Meio Bit » Ciência » Cientistas se rebelam contra ganância de periódicos

Cientistas se rebelam contra ganância de periódicos

Editores de periódico científico pediram demissão, após Elsevier se recusar a negociar taxa de US$ 3,4 mil por indexação de artigos

45 semanas atrás

Todo mundo sabia que os grandes periódicos científicos, como Nature e Elsevier, não engoliriam facilmente as determinações da União Europeia e dos Estados Unidos, que estabeleceram prazos para que pesquisas financiadas com dinheiro público passassem a ser de acesso aberto.

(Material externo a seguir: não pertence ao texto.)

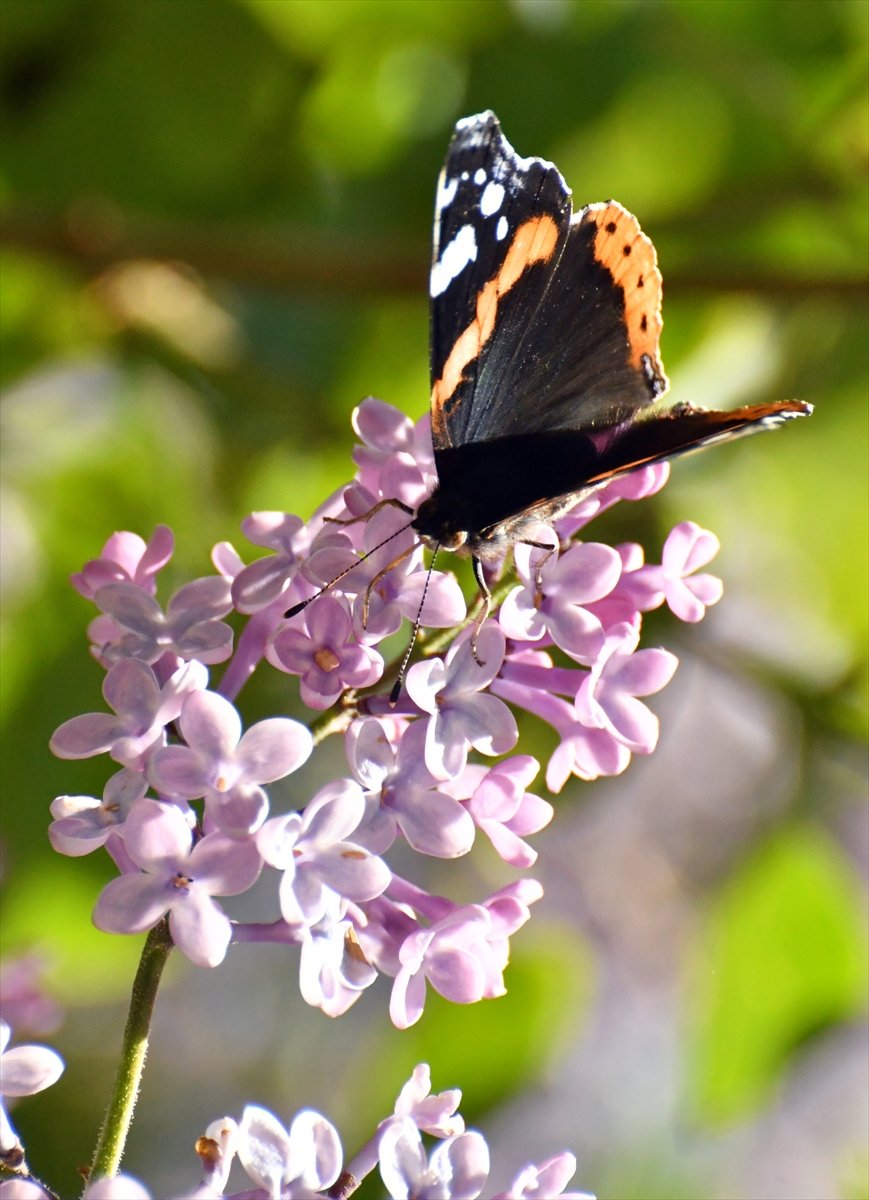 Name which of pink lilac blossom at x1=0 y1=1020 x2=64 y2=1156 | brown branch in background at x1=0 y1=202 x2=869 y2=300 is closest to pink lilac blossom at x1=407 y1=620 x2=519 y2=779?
pink lilac blossom at x1=0 y1=1020 x2=64 y2=1156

O modelo vigente, que cobra uma nota preta pelo acesso de pesquisadores e instituições acadêmicas, privilegia apenas as editoras, e mais ninguém. Para mitigar a perda de capital, a Elsevier passou a cobrar também pela publicação dos artigos, e as cifras são muito, muito altas.

Instalações da Elsevier em Maryland Heights, Missouri (Crédito: Kristoffer Tripplaar/Alamy)

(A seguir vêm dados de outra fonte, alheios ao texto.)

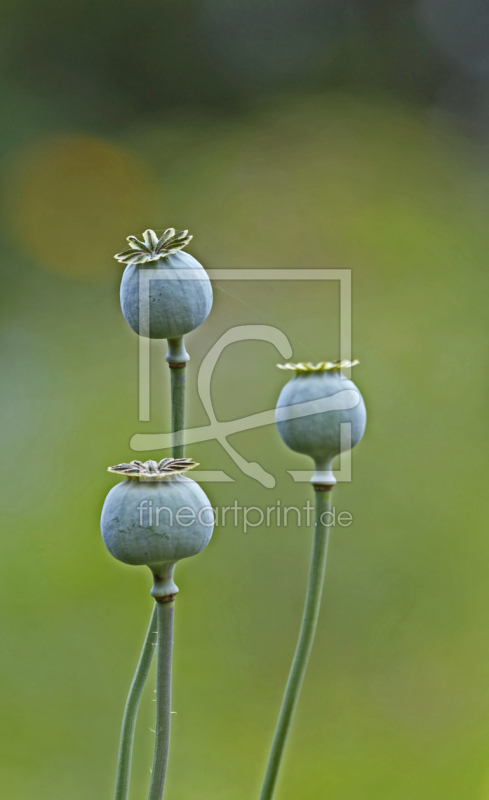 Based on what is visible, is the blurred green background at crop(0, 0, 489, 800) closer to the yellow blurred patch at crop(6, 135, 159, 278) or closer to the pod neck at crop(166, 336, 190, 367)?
the yellow blurred patch at crop(6, 135, 159, 278)

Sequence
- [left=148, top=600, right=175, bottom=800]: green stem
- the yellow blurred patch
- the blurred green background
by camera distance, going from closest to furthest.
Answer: [left=148, top=600, right=175, bottom=800]: green stem < the blurred green background < the yellow blurred patch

Instalações da Elsevier em Maryland Heights, Missouri (Crédito: Kristoffer Tripplaar/Alamy)

Agora, todo o corpo editorial da revista NeuroImage, uma das publicações da Elsevier, pediu as contas, como protesto contra a cobrança. O grupo, de mais de 40 cientistas, inclui líderes de pesquisa de universidades renomadas do Reino Unido, como Oxford, Cardiff, e King's College.

A farra dos periódicos

Nós já explicamos várias vezes como funciona o processo de publicação de artigos científicos em grandes periódicos, mas não custa nada revisitar o assunto. O modelo tradicional consiste em um pesquisador ou um grupo realizar uma pesquisa científica, e submeter o artigo a revisão por pares, que confrontam os dados, repetem os experimentos, analisam os métodos, e por fim, decidem se ele é válido ou não; em caso positivo, o artigo é liberado para indexação e compartilhamento.

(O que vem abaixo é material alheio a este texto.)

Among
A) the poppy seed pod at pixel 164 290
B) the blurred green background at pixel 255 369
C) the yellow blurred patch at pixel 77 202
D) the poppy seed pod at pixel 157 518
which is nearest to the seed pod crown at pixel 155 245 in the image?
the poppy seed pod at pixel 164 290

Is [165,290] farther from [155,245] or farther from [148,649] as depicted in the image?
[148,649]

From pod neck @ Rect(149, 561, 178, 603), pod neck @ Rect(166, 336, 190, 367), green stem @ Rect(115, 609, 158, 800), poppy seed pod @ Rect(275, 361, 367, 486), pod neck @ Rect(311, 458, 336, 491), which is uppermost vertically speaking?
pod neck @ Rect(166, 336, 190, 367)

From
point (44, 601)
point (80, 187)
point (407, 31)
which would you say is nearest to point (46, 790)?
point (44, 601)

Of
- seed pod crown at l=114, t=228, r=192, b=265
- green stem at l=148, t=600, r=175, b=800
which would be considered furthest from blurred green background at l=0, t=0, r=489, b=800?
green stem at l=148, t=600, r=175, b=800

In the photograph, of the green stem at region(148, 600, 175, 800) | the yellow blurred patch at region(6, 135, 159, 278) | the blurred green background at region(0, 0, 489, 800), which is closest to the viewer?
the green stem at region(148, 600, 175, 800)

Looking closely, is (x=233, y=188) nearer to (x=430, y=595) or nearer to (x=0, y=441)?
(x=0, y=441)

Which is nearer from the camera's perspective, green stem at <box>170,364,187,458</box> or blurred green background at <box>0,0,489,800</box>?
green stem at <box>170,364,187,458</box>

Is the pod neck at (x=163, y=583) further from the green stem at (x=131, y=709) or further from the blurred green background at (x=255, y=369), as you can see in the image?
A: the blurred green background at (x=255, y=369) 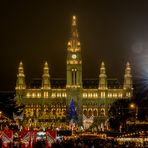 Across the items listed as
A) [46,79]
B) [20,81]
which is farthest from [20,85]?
[46,79]

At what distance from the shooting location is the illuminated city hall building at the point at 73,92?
611 feet

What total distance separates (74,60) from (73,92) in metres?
9.37

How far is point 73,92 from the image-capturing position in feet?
610

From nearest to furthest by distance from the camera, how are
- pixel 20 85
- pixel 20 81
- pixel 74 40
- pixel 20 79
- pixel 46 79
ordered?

Existem diversos veículos e editoras que publicam artigos científicos, e cada um trabalha de uma maneira. O repositório PLOS One, por exemplo, mantido pela Biblioteca Científica Pública dos EUA (PLOS), indexa todas as pesquisas sob licenças Creative Commons CC-BY, em que o acesso é 100% aberto e gratuito, desde que os autores sejam citados. Já o arXiv, da Universidade de Cornell, permite a consulta livre de artigos pré-revisão por pares.

Grandes editoras, como Nature e Elsevier, usam o mesmo processo, mas fizeram dele um comércio onde só elas ganham dinheiro. Primeiro, a submissão dos artigos científicos não reverte um centavo ao pesquisador; segundo, os revisores trabalham de graça; terceiro, a pesquisa é colocada atrás de uma paywall, em que o acesso por leitores e outras instituições é feito mediante pagamento, e os valores, seja por consulta individual ou um modelo de assinatura, que dá acervo ao acervo completo, não são baixos.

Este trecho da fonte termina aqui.